[swift-evolution] [Draft proposal] Faster/lower-level external String initialization

Zach Waldowski zach at waldowski.me
Mon Jan 11 15:56:24 CST 2016


Given the initial positive response, I've taken a crack both at
implementation and converting the request to a proposal. The proposal
draft is located at:

    https://github.com/zwaldowski/swift-evolution/blob/string-from-code-units/proposals/0000-string-from-code-units.md

The code is located at:

    https://github.com/apple/swift/compare/master...zwaldowski:string-from-code-units

The proposal is reproduced below:

# Expose code unit initializers on String

* Proposal:
[SE-NNNN](https://github.com/apple/swift-evolution/blob/master/proposals/NNNN-string-from-code-units.md)
* Author: [Zachary Waldowski](https://github.com/zwaldowski)
* Status: **Awaiting review**
* Review manager: TBD

## Introduction

Going back and forth from Strings to their byte representations is an
important part of solving many problems, including object
serialization, binary file formats, wire/network interfaces, and
cryptography.
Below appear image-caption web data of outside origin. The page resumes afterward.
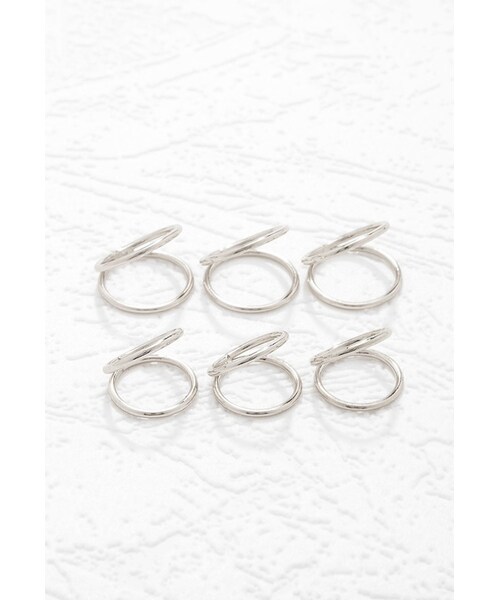 FOREVER 21(フォーエバー トゥエンティーワン)の「FOREVER 21 Stacked Band Midi Ring Set(リング・レディース・Gold/Silver・6/7/8)」の2枚目の写真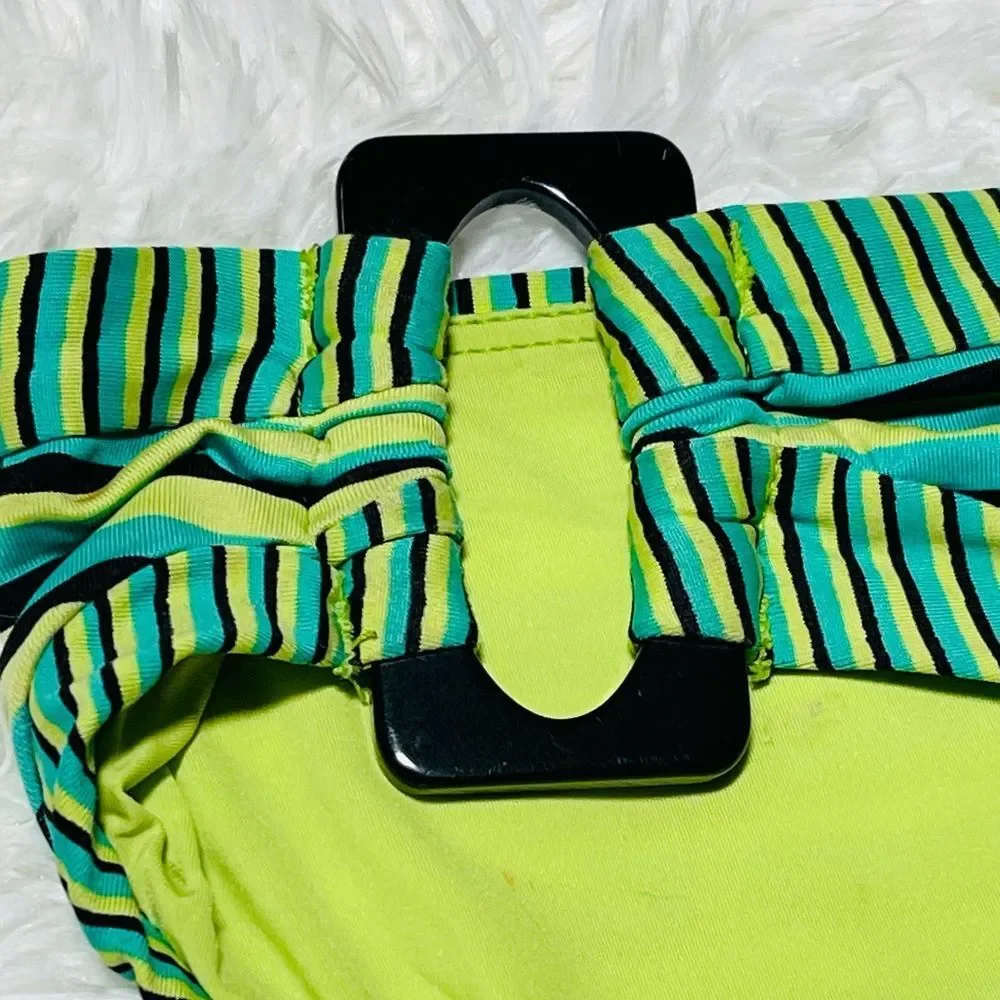 Nanette Lepore‎ Striped Green Hipster Bikini Bottom XS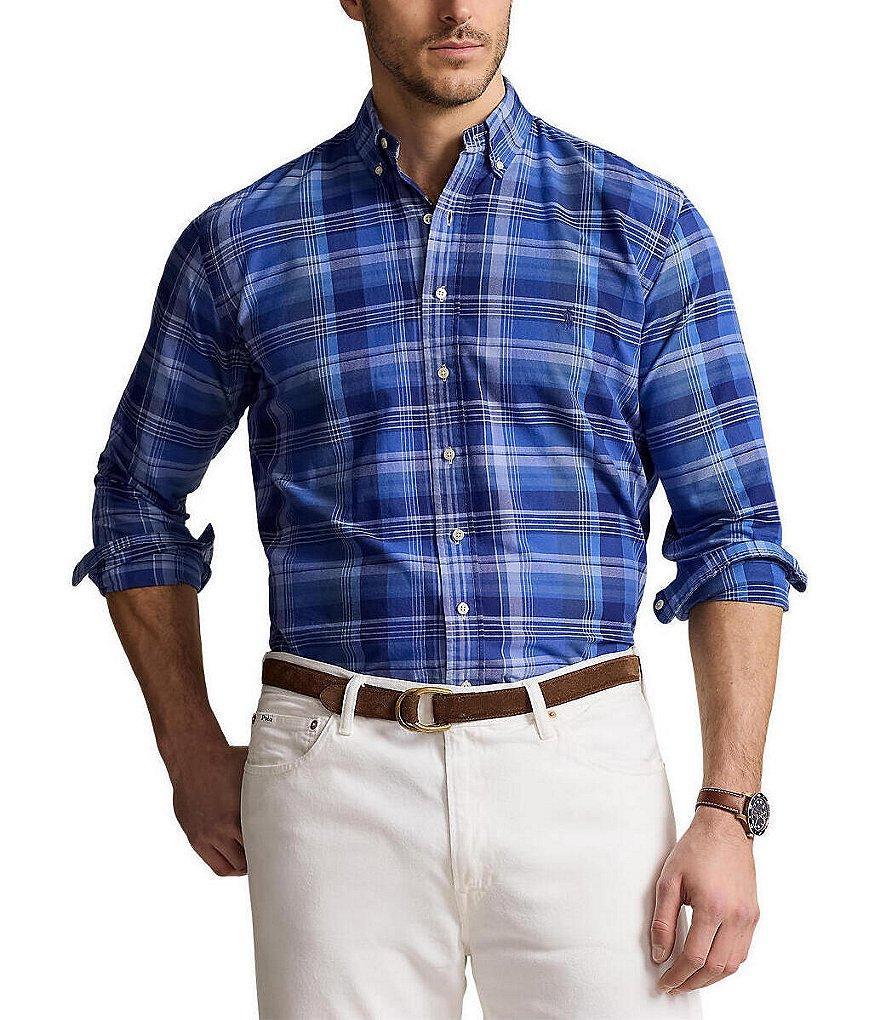 Polo Ralph Lauren Big & Tall Classic Fit Plaid Oxford Long Sleeve Woven Shirt Product Image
Swift has such utilities, currently only exposed through
`String.Type.fromCString(_:)`.

See swift-evolution
[thread](https://lists.swift.org/pipermail/swift-evolution/Week-of-Mon-20160104/005951.html).

## Motivation

In developing a parser, a coworker did the yeoman's work of benchmarking
Swift's Unicode types. He swore up and down that
`String.Type.fromCString(_:)`
([use](https://gist.github.com/zwaldowski/5f1a1011ea368e1c833e#file-fromcstring-swift))
was the fastest way he found. I, stubborn and noobish as I am, was
skeptical that a better way couldn't be wrought from Swift's
`UnicodeCodecType`s.

After reading through stdlib source and doing my own testing, this is no
wives'
tale. `fromCString` is essentially the only public-facing user of
`String.Type._fromCodeUnitSequence(_:input:)`, which serves the exact
role of
both efficient and safe initialization-by-buffer-copy.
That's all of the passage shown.